In DC's triangular Mount Vernon Triangle neighborhood is a smaller triangle, known as Cobb Park. It's not much of a park right now, but it could be. A new study from the Mount Vernon Triangle Community Improvement District looked at what such a park could look like and other possible places for parks around the neighborhood.
The Mount Vernon Triangle is just east of Mount Vernon Square and north of Mount Vernon Octagon (not really that last bit). It includes the CityVista building with the Busboys and Poets, the new buildings and restaurants along Massachusetts Avenue, and a lot more recent development. But it doesn't have a lot of parks.
The CID, which is a Business Improvement District but includes residents as well as commercial properties, conducted a recent survey of residents. In it, 3/4 of people said there weren't enough park spaces and this lack was a top five reason people thought they'd move out. The CID says that the District's Play DC plan found the area has three times the residents per playground as the DC average.
There's a good site, known as Cobb Park. Nobody is quite sure who Cobb is. It might be the first woman police officer killed in the line of duty in 1974, Gail Cobb; or the first African-American anthropology Ph.D. (in 1932) and president of the NAACP, Dr. William Montague Cobb; or Judge James A. Cobb, who worked to challenge racial covenants; or none of the above. It sits atop the I-395 freeway and was created when that was built 40 years ago.
Right now, the park is a staging area for the Capitol Crossing development, which is decking over the freeway just south of there. But the 2015 Play DC plan talks about making it a priority to turn this into a real park, and the CID just published a more detailed study about the possibility.
The Play DC study suggested a basketball/tennis court, bocce ball, chess/checkers tables, a pavilion and amphitheater, a playground, sculptures, a movie projector for screenings, and more.
This study seems to envision it more akin to Canal Park in the Navy Yard area, with a water feature, some kind of cool elevated structure, and space for events. (The basketball and bocce, meanwhile, would be on a different site — see below).
Funding to design and build a park isn't yet in the budget, but the CID hopes this will raise its priority.
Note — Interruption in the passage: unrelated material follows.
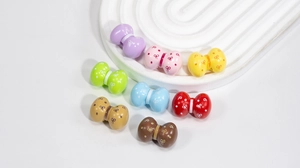 Dettaglio di perline a fiocco in acrilico colorato con pois per creazione gioielli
In the past, the site has been hard to reach because of the mess of roadways where H Street NW meets Massachusetts Avenue. A new freeway on-ramp has been built in the middle of Massachusetts and the roadways were simplified made easier (mostly) for people to access the site.
Also, the study says, inattention and neglect led to it being seen as unsafe. Some people experiencing homelessness were using the park and nearby areas around the freeway on-ramps. The study recommends finding ways to activate the park as soon as construction ends, so people can start using it even before a full park can be created. The CID envisions taking a larger role in its upkeep and caretaking, much like other BIDs do or are proposing to do for parks like Franklin Square (Downtown BID), the C&O Canal (Georgetown), Farragut Square (Golden Triangle), and Yards Park and Canal Park (Capital Riverfront BID)
Other places for parks
The study also identified a number of other places for additional park space in the area. One is a two-story parking deck that also straddles the freeway just north of Cobb Park. Last year, a group of developers proposed building a park here and paying for it by putting a new building on the Cobb Park triangle instead of keeping it a park. The study doesn't recommend that, but does hope part of the parking deck could become a "village green" with recreation fields, tables and chairs with grills, and maybe a farmer's market.
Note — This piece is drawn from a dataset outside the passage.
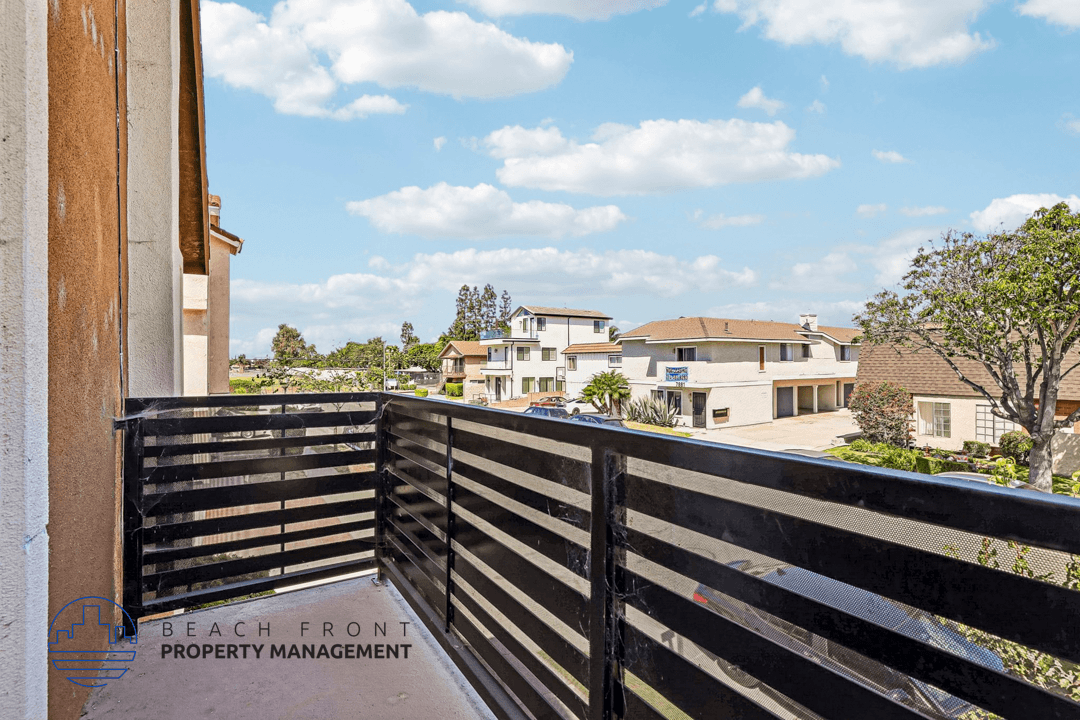 A balcony with a black railing overlooks a residential area.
Besides the park, the deck also could include some buildings on top; the initial 1972 EIS envisioned some housing there, and a 2016 analysis suggested the structure could handle townhouse-sized development or less.
The National Park Service also controls a few small triangles in the area, and the CID hopes these can become places to show art, like sculpture, and for people to eat lunch. Park Service restrictions limit what can be done, prohibiting things like permanent structures or off-leash dogs.
Finally, there is open space where the land slopes toward the freeway between K Street and New York Avenue. That land could be built up to be flat and higher than the freeway, the study suggests, to create more potential park space. It recommends playground, dog park, and community gardens could go here. There's also a vacant parcel of land nearby which Pepco plans to use for a future substation, but that's unlikely to be available.
What do you think of these park ideas?